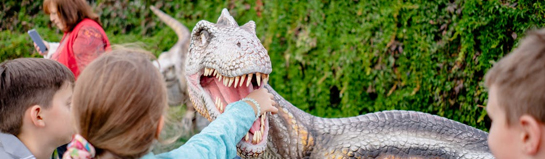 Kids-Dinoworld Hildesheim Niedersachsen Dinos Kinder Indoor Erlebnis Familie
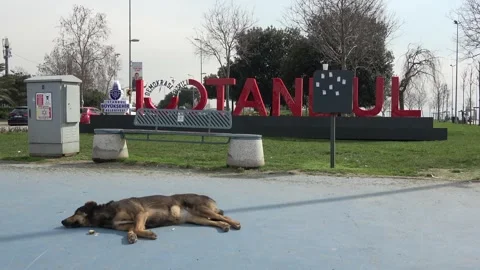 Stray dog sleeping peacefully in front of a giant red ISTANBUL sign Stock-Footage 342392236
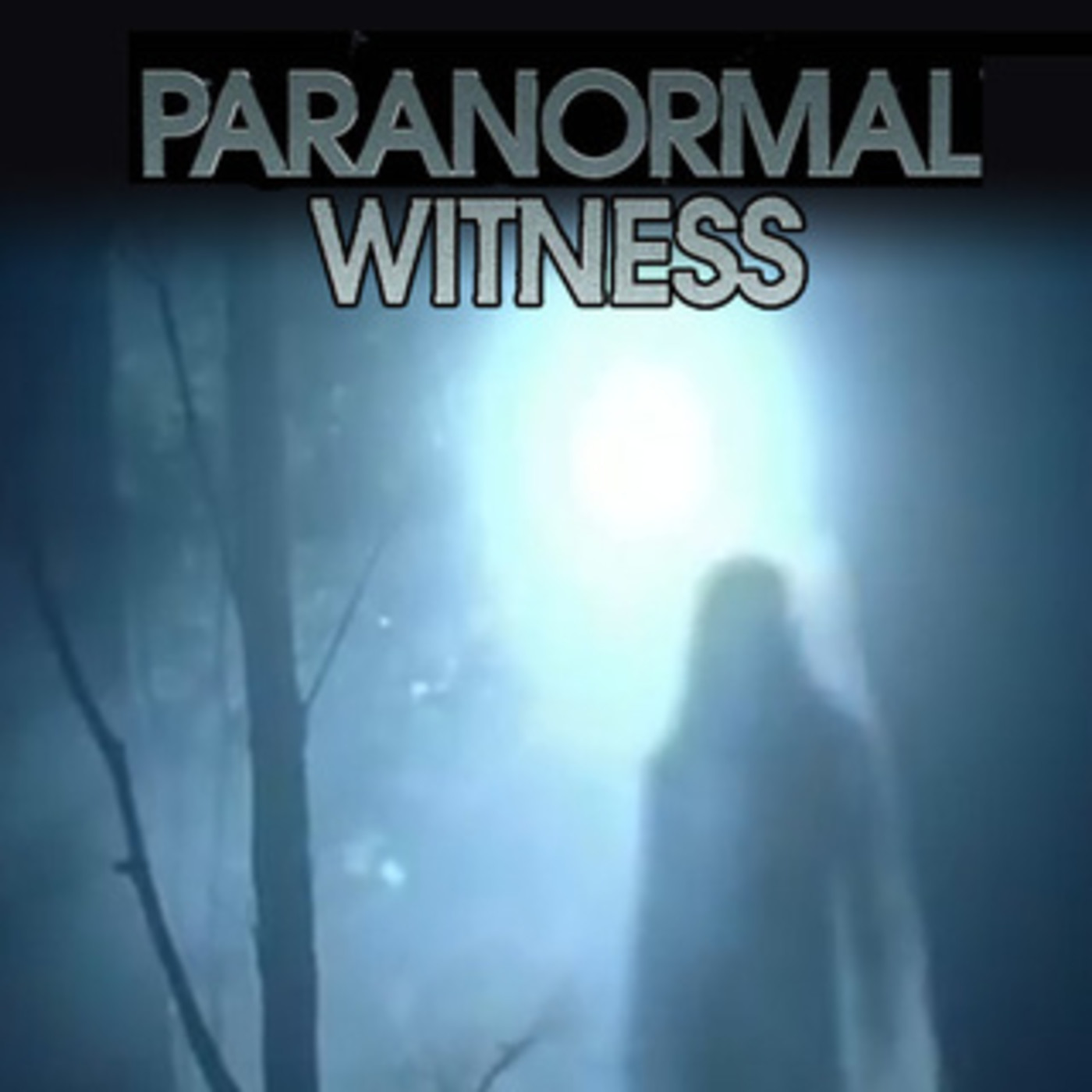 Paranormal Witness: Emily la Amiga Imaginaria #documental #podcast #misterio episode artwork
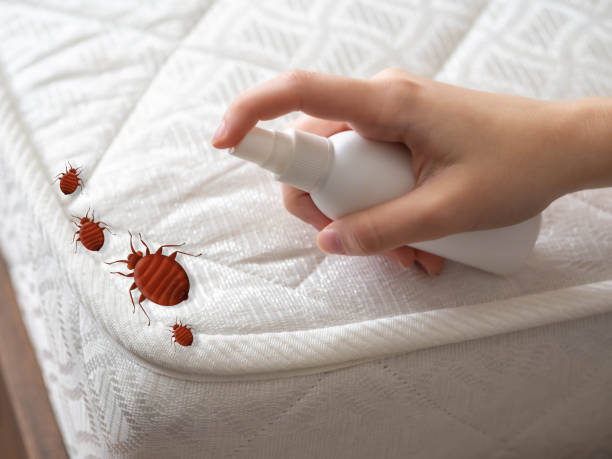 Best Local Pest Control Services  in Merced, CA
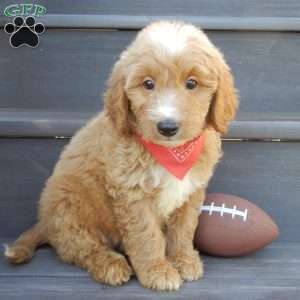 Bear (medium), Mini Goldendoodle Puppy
————
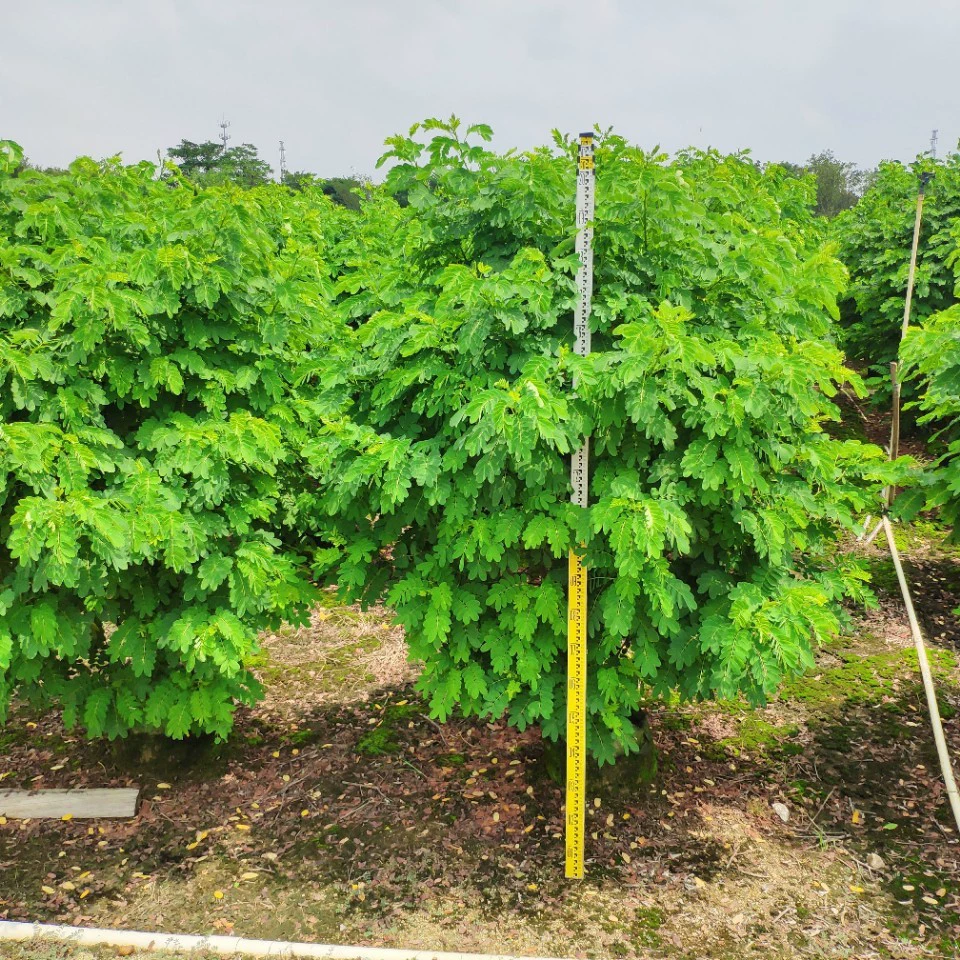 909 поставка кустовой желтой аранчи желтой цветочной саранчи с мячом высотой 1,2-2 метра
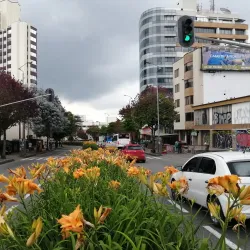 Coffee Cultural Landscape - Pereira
————
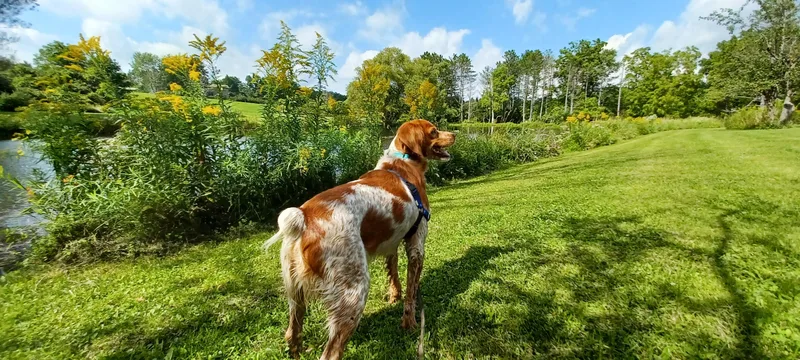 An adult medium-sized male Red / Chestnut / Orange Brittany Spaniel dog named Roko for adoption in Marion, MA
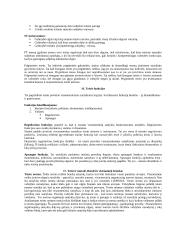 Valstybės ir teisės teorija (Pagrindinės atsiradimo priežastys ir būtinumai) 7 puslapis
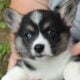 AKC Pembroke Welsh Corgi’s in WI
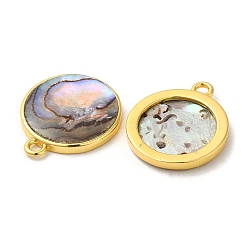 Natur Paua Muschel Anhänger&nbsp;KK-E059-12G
————
▸ THE TASK: From the entries above, copy exactly the lines starting at the one with "909 поставка кустовой" and stopping at the one with "Coffee Cultural Landscape - Pereira", keeping both ends. Drop the pictures.

▸ SOLUTION FOR THIS EXERCISE:
 909 поставка кустовой желтой аранчи желтой цветочной саранчи с мячом высотой 1,2-2 метра
 Coffee Cultural Landscape - Pereira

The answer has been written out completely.